=== Section Start ===

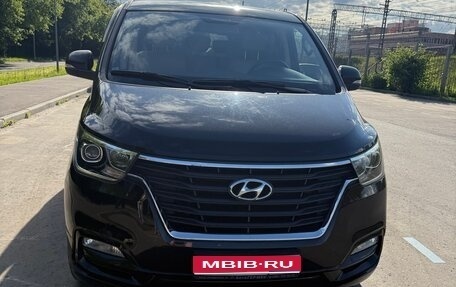 Hyundai H-1 II рестайлинг, 2019 год, 3 300 000 рублей, 1 фотография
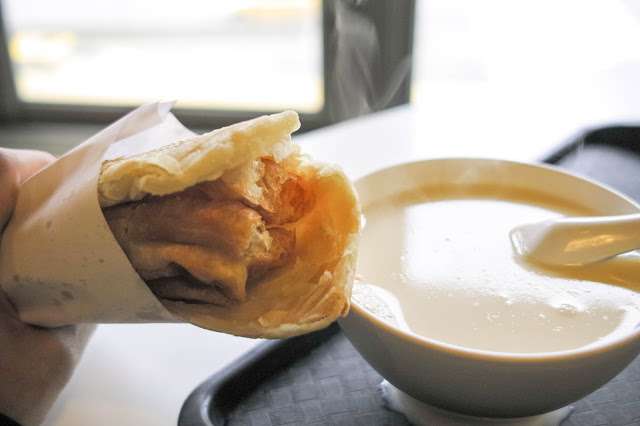 阜杭豆漿雖然營業時間到十二點,但常常九點很多食物就賣光光啦。(圖/Shutterstock,KKday提供) 阜杭豆漿雖然營業時間到十二點,但常常九點很多食物就賣光光啦。(圖/Shutterstock,KKday提供)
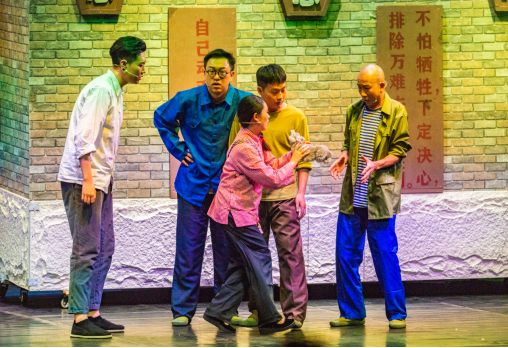 “我们就是故事本身” 话剧《三线日记》首演引发三线人集体共鸣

=== Section End ===

◆ Problem details ◆
Output the data exactly, pictures omitted.

◆ Your response ◆
 Hyundai H-1 II рестайлинг, 2019 год, 3 300 000 рублей, 1 фотография
 阜杭豆漿雖然營業時間到十二點,但常常九點很多食物就賣光光啦。(圖/Shutterstock,KKday提供) 阜杭豆漿雖然營業時間到十二點,但常常九點很多食物就賣光光啦。(圖/Shutterstock,KKday提供)
 “我们就是故事本身” 话剧《三线日记》首演引发三线人集体共鸣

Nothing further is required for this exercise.